Por otro lado, el Estado del futuro será un “Estado virtual”, descentralizado, pluricultural, que da
autonomía a la sociedad civil y a los distintos sectores que la conforman. No se trata, pues, de la
disolución del Estado, pues este es “una institución necesaria para la permanencia y aumento de la
vida humana”, sostiene el filósofo argentino-mexicano en 20 tesis de política y en Política de la
liberación II

Dussel también ha planteado un imperativo ecológico, a semejanza del categórico kantiano, que
busca hacer frente a la destrucción actual de la vida. Este imperativo dice: “¡Debemos actuar de tal
manera que nuestras acciones e instituciones permitan la existencia de la vida en el planeta Tierra,
para siempre, perpetuamente! La vida perpetua es el postulado ecológico-político fundamental”.
De esta manera, la economía se transforma en un subsistema de la ecología, poniéndose al
servicio de la vida, y no la vida al servicio de la economía. Aquí, la ecología toma un papel central,
ya que el mantenimiento de la vida del planeta, de la vida biológica, tiene prioridad frente a la
economía, la política y la cultura: “se trata de la condición absoluta de todo el resto”. Además, el
planeta mismo, con su diversidad vital, se constituye en el límite último del capital que
determinará la capacidad para la acumulación de ganancia.

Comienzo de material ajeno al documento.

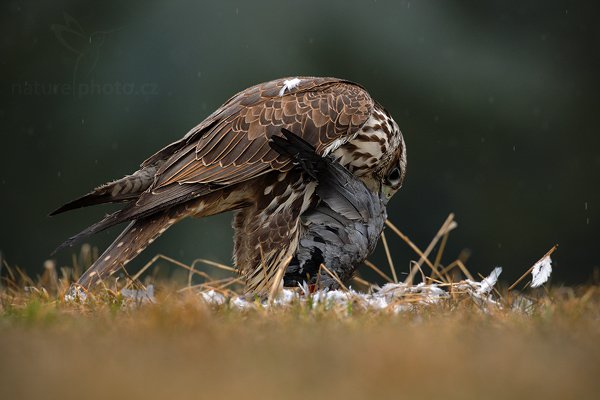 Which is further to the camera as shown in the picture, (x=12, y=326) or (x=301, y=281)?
(x=301, y=281)

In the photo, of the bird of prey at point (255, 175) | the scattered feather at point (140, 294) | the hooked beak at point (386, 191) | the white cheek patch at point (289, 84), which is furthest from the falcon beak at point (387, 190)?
the scattered feather at point (140, 294)

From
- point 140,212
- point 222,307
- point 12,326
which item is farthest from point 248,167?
point 12,326

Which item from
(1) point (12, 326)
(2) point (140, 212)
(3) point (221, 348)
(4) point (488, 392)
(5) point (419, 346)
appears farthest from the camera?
(2) point (140, 212)

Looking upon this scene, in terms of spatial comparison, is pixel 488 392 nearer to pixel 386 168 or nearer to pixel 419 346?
pixel 419 346

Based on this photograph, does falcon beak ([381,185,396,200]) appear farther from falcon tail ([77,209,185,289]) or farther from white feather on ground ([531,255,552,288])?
falcon tail ([77,209,185,289])

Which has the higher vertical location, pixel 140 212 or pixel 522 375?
pixel 522 375

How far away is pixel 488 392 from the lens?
152cm

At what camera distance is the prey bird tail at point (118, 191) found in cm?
322

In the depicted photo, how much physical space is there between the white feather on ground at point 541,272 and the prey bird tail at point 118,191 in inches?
61.1

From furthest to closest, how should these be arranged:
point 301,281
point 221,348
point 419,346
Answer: point 301,281 → point 221,348 → point 419,346

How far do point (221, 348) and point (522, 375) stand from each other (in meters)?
0.66

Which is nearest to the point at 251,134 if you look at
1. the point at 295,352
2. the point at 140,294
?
the point at 140,294

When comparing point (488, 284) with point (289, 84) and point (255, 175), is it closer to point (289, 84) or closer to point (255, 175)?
point (255, 175)

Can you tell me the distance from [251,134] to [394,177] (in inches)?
26.9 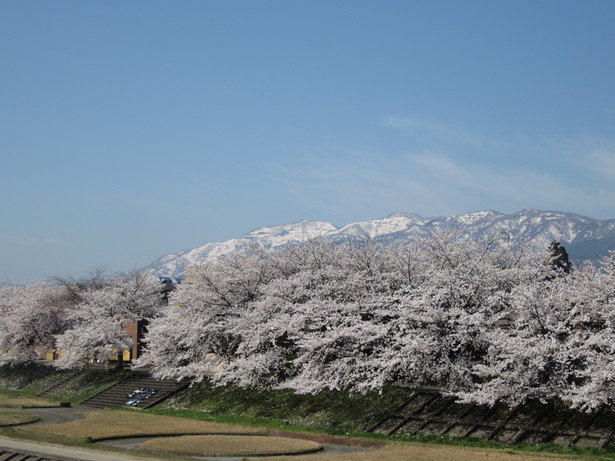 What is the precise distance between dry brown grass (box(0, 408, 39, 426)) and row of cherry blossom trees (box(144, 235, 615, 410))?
10768mm

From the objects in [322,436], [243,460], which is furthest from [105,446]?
[322,436]

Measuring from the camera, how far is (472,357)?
35.5m

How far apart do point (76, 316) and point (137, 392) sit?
51.9 feet

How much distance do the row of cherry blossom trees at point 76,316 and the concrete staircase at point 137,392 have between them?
4487 millimetres

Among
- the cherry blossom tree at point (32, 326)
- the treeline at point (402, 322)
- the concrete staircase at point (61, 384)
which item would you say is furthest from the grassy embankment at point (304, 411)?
the cherry blossom tree at point (32, 326)

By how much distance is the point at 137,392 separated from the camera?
51.9 meters

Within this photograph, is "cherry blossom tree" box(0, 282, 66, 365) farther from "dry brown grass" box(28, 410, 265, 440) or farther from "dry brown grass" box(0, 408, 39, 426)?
"dry brown grass" box(28, 410, 265, 440)

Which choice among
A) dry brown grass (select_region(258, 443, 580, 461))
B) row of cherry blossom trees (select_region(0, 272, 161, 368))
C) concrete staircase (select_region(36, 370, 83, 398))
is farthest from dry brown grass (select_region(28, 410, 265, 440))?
concrete staircase (select_region(36, 370, 83, 398))

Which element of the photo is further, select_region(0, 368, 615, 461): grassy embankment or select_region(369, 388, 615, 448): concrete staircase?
select_region(0, 368, 615, 461): grassy embankment

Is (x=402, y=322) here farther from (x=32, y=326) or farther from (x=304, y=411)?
(x=32, y=326)

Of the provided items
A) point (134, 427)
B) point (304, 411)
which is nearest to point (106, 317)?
point (134, 427)

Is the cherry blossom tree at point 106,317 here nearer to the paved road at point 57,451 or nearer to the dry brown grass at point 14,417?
the dry brown grass at point 14,417

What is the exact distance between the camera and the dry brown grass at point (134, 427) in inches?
1348

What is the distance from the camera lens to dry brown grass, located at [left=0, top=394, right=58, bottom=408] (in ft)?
162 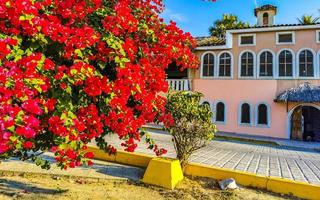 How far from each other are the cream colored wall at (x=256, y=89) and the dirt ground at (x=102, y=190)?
44.8 feet

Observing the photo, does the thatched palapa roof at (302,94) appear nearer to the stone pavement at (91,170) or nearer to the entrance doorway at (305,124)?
the entrance doorway at (305,124)

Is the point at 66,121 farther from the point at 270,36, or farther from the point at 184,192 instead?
the point at 270,36

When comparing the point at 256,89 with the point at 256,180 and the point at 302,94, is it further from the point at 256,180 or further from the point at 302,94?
the point at 256,180

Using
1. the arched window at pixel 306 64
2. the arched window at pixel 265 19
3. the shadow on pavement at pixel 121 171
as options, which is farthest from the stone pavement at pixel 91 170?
the arched window at pixel 265 19

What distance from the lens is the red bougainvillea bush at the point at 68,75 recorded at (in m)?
2.75

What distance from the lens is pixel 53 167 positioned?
8234 mm

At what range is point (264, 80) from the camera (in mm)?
20266

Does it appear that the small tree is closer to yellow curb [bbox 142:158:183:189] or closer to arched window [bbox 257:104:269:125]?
yellow curb [bbox 142:158:183:189]

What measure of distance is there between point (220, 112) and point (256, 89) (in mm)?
2834

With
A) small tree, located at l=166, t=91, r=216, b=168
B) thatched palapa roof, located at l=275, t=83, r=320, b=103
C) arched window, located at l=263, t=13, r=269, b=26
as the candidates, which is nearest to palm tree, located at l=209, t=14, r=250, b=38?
arched window, located at l=263, t=13, r=269, b=26

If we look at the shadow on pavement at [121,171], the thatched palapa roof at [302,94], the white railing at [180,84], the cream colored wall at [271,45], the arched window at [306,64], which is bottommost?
the shadow on pavement at [121,171]

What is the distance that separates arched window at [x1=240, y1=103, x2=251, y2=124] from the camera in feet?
67.1

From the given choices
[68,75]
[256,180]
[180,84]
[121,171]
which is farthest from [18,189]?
[180,84]

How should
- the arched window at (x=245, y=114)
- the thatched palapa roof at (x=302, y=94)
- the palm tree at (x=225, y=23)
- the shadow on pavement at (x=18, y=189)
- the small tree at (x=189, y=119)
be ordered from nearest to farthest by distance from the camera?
the shadow on pavement at (x=18, y=189)
the small tree at (x=189, y=119)
the thatched palapa roof at (x=302, y=94)
the arched window at (x=245, y=114)
the palm tree at (x=225, y=23) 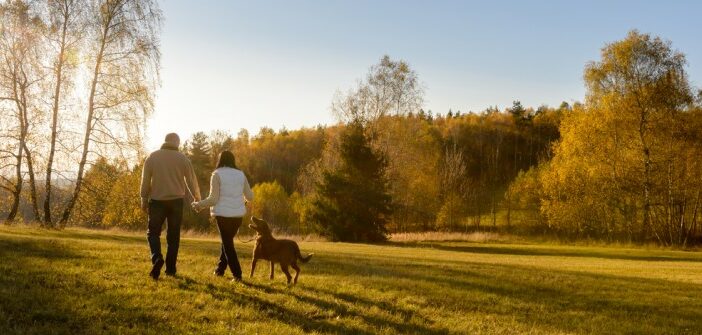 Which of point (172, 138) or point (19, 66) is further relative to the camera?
point (19, 66)

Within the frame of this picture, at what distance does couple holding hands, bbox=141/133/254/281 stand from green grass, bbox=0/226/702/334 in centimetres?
47

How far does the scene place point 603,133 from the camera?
121 ft

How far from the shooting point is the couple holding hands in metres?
8.24

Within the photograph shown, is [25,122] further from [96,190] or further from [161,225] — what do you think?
[161,225]

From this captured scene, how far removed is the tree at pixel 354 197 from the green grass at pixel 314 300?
24.1m

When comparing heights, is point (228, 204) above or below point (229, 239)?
above

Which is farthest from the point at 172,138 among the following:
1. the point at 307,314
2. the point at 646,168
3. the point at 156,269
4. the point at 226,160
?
the point at 646,168

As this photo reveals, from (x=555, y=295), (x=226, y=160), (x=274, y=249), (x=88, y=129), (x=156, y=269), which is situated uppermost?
(x=88, y=129)

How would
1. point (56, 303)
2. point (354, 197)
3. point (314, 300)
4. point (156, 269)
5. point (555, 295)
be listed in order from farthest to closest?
point (354, 197), point (555, 295), point (156, 269), point (314, 300), point (56, 303)

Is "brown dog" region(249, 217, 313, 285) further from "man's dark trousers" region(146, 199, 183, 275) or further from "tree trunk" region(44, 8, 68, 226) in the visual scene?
"tree trunk" region(44, 8, 68, 226)

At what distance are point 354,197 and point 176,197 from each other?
2917cm

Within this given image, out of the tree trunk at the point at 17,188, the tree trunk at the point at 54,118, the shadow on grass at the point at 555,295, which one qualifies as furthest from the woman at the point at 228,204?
the tree trunk at the point at 17,188

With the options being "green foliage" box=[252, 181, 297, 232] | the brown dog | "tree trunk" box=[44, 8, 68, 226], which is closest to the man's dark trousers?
the brown dog

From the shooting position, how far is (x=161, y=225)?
8195mm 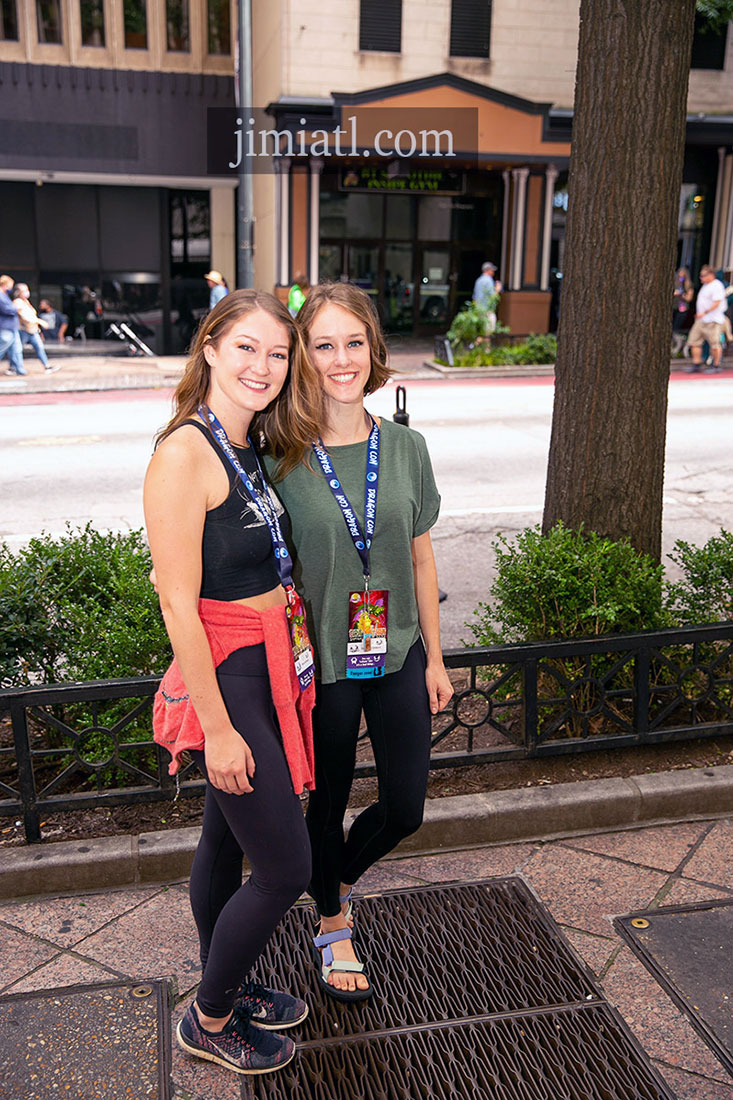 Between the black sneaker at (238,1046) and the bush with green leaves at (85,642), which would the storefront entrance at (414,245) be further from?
the black sneaker at (238,1046)

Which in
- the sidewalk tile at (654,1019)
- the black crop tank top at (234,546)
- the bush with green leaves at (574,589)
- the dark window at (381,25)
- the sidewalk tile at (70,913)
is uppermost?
the dark window at (381,25)

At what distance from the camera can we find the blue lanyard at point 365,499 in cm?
283

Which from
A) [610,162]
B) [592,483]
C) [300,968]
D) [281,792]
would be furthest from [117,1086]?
[610,162]

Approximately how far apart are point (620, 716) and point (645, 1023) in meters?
1.47

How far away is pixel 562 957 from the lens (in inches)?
130

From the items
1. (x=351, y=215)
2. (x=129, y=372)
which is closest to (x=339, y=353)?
(x=129, y=372)

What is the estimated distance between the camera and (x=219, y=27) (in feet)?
78.3

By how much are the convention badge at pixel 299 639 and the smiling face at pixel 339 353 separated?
599mm

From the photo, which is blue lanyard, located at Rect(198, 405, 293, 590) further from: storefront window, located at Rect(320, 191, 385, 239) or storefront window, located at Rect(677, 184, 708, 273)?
storefront window, located at Rect(677, 184, 708, 273)

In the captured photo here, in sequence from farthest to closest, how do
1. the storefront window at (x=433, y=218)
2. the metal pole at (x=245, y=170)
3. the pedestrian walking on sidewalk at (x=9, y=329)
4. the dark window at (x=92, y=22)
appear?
the storefront window at (x=433, y=218) → the dark window at (x=92, y=22) → the pedestrian walking on sidewalk at (x=9, y=329) → the metal pole at (x=245, y=170)

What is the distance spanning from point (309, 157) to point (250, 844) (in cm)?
2133

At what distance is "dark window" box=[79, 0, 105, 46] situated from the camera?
23.2 meters

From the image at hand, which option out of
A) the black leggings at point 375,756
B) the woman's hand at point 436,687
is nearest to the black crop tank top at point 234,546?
the black leggings at point 375,756

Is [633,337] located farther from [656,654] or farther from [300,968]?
[300,968] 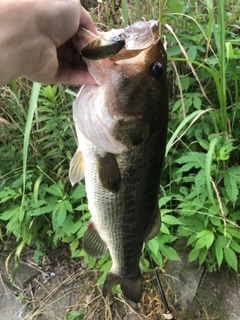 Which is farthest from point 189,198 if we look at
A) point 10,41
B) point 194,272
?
point 10,41

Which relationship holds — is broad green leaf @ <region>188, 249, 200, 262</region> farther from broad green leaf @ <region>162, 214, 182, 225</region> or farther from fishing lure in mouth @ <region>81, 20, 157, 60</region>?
fishing lure in mouth @ <region>81, 20, 157, 60</region>

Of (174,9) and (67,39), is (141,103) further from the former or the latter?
(174,9)

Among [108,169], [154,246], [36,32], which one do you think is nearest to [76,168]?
[108,169]

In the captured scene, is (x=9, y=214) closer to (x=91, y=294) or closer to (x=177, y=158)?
(x=91, y=294)

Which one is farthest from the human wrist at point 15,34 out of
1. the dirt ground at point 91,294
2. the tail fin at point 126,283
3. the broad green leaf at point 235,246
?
the dirt ground at point 91,294

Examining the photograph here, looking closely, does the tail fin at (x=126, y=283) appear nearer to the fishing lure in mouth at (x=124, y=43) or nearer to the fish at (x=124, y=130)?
the fish at (x=124, y=130) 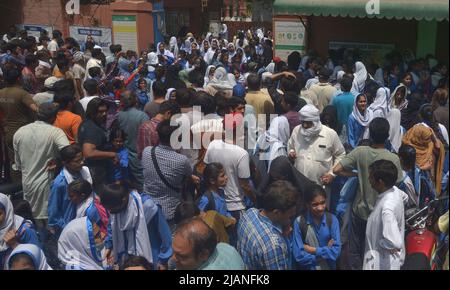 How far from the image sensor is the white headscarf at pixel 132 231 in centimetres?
364

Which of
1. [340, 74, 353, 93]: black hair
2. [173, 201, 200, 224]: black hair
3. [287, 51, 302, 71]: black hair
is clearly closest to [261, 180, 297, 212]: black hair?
[173, 201, 200, 224]: black hair

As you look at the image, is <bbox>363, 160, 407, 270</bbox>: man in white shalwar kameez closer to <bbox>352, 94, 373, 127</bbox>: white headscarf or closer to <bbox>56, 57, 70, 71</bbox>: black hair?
<bbox>352, 94, 373, 127</bbox>: white headscarf

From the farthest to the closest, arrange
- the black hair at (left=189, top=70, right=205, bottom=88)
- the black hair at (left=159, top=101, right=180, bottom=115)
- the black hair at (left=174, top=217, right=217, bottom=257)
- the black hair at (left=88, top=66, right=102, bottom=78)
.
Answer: the black hair at (left=88, top=66, right=102, bottom=78)
the black hair at (left=189, top=70, right=205, bottom=88)
the black hair at (left=159, top=101, right=180, bottom=115)
the black hair at (left=174, top=217, right=217, bottom=257)

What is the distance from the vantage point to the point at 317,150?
4836 mm

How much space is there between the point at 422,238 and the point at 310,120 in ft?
4.67

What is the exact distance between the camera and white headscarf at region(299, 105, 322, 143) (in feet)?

Hay que decir que la filosofía de la liberación, desde sus orígenes, fue un proyecto plural, con
distintos énfasis, tal como lo ha mostrado el filósofo mexicano Horacio Cerutti Guldberg en su
influyente libro Filosofía de la liberación latinoamericana, publicado en 1983. Para Cerutti se trató,
más bien, de “filosofías para la liberación”. Ahora, más allá de la polémica Cerutti-Dussel, y de
quienes han querido minimizar los esfuerzos de este último, hay que reconocer que el filósofo
mendocino-mexicano ha sido quien más profundamente ha criticado la dependencia, la
dominación y ha elaborado con gran creatividad la vertiente liberadora de esa filosofía. Los demás
tomaron caminos diferentes, como el estudio de la cultura popular o la teología del pueblo. La
obra de Dussel, por el contrario, ha estado totalmente centrada en la apuesta por la liberación, en
un diálogo entre la historia, la teología, la filosofía, el marxismo, lo cual le ha permitido construir
una obra monumental, sistemática, que abarca una ética, una economía, una política y,
recientemente, una estética. Hoy, la filosofía de la liberación, con su gran influencia en México,
Argentina, Perú y otros países, con las múltiples traducciones a otras lenguas y su diálogo con lo
más granado del pensamiento mundial actual, se presenta como una filosofía crítica del
eurocentrismo, del colonialismo epistémico, de las múltiples dependencias, del “mito de la
modernidad”, y se postula como una alternativa al pensamiento nordo-céntrico. Se mantiene
como la filosofía más visible del continente, junto con apuestas teóricas como las teorías
decoloniales, las epistemologías del sur, el pensamiento intercultural, el constructivismo político
de Ernesto Laclau, el populismo crítico y plebeyo de Luciana Cadahia, la hermenéutica analógica
de Mauricio Beuchot, la política decolonial y republicana de Santiago Castro-Gómez, la ontología
política relacional del buen-vivir de Arturo Escobar, los diversos feminismos latinoamericanos y
otras apuestas que toman fuerza como la corpo-política de la filósofa colombiana Laura Quintana.
Sea esta, entonces, cincuenta años después de su nacimiento, la oportunidad de llamar a una
lectura crítica seria de ese gran esfuerzo del pensamiento de la región: la filosofía de la liberación.